The conversation kicked off because one analyst asked what’s holding the company back from making ESPN Plus a fully a la carte sports network. As it is, the subscription offers occasional simulcasts of ESPN’s cable networks, as well as some exclusive streaming programming, but it can’t replace traditional ESPN for most viewers, and there’s a big reason why: money.
As Chapek acknowledged in his response, legacy linear networks like ESPN and the cable fees they bring in are “huge cash generators,” which creates Disney’s hesitancy to upset the existing business model too early.
The not-so-slow collapse of cable companies’ subscriber numbers due to cord-cutting is no secret. At its peak in 2010, the US had around 105 million pay-TV households. A report in March from Leichtman Research Group tracking the biggest cable, satellite, and fiber pay-tv companies in the US saw their subscriber counts fall by about 5.5 million in 2021 following a loss of 5.78 million in 2020, leaving their numbers for the start of 2022 at around 68.1 million.
However, he continued on, “At the same time, we’re very conscious of our ability to go more aggressively into the DTC [direct-to-consumer, aka streaming] area of ESPN, so what we’re doing is sort of putting one foot on the dock, if you will, and one foot on the boat right now.”
“But what we know is at some point when it’s going to be good for our shareholders, we’ll be able to fully go into an ESPN DTC offering, the way that you describe, and we fully believe that there is a business model there for us that’s going to enable us to regain growth on ESPN Plus in a full DTC expression.”

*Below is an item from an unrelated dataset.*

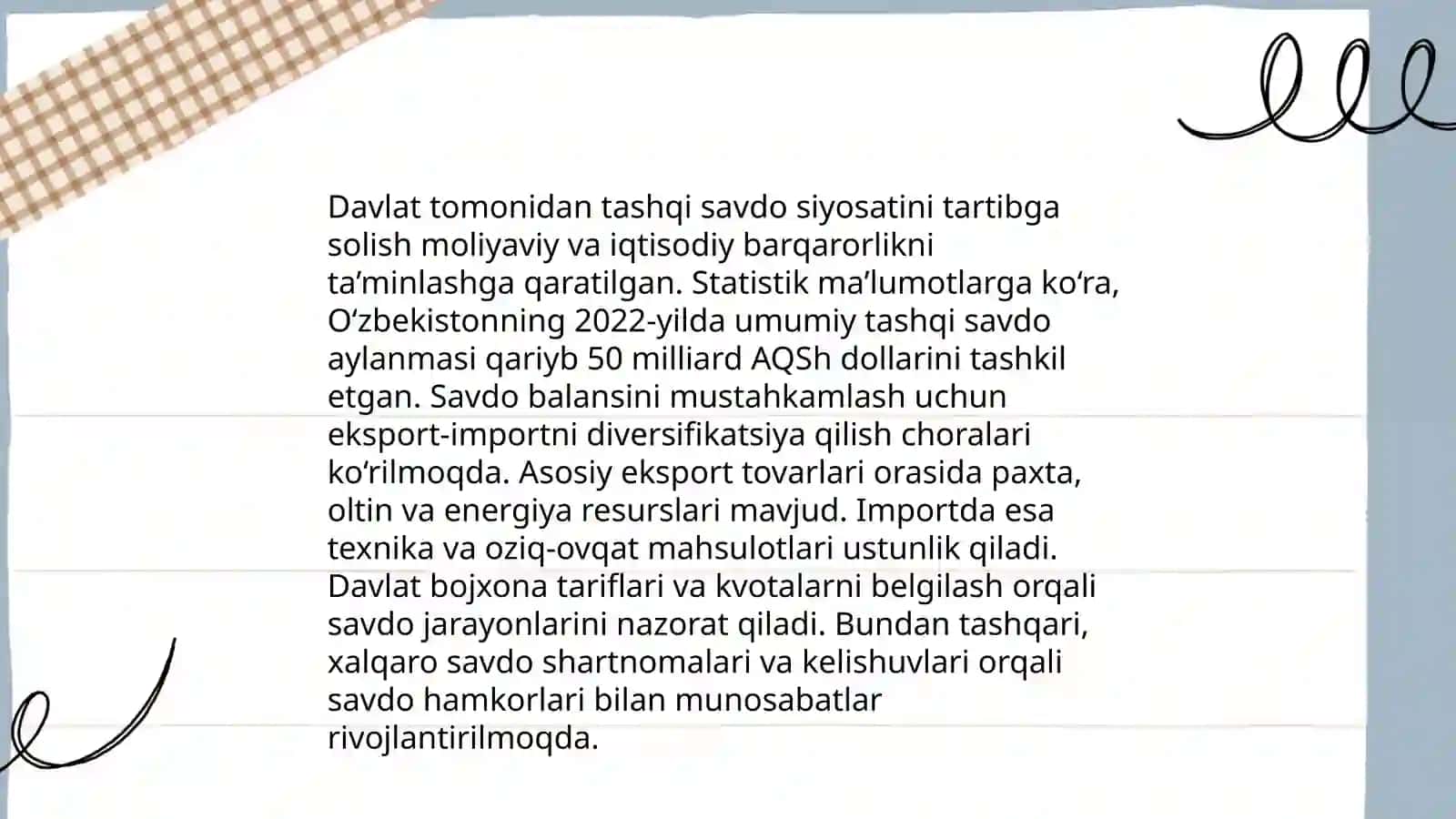 O’zbekistonda tashqi iqtisodiy faoliyatning davlat tomonidan tartibga solinishi 4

This is a balance that Disney has done plenty to upset already by shifting its focus away from cable channels with the launch of Disney Plus, and similar to the one that Warner is navigating with HBO and HBO Max. Traditional pay-TV setups (including online streaming like Disney offers via Hulu with Live TV) still have too much impact on Disney’s bottom line for Disney to bypass them and launch the full ESPN experience as its own streaming subscription as it has been for many years, but the point where that will change is close enough that Chapek is comfortable openly entertaining the possibilities.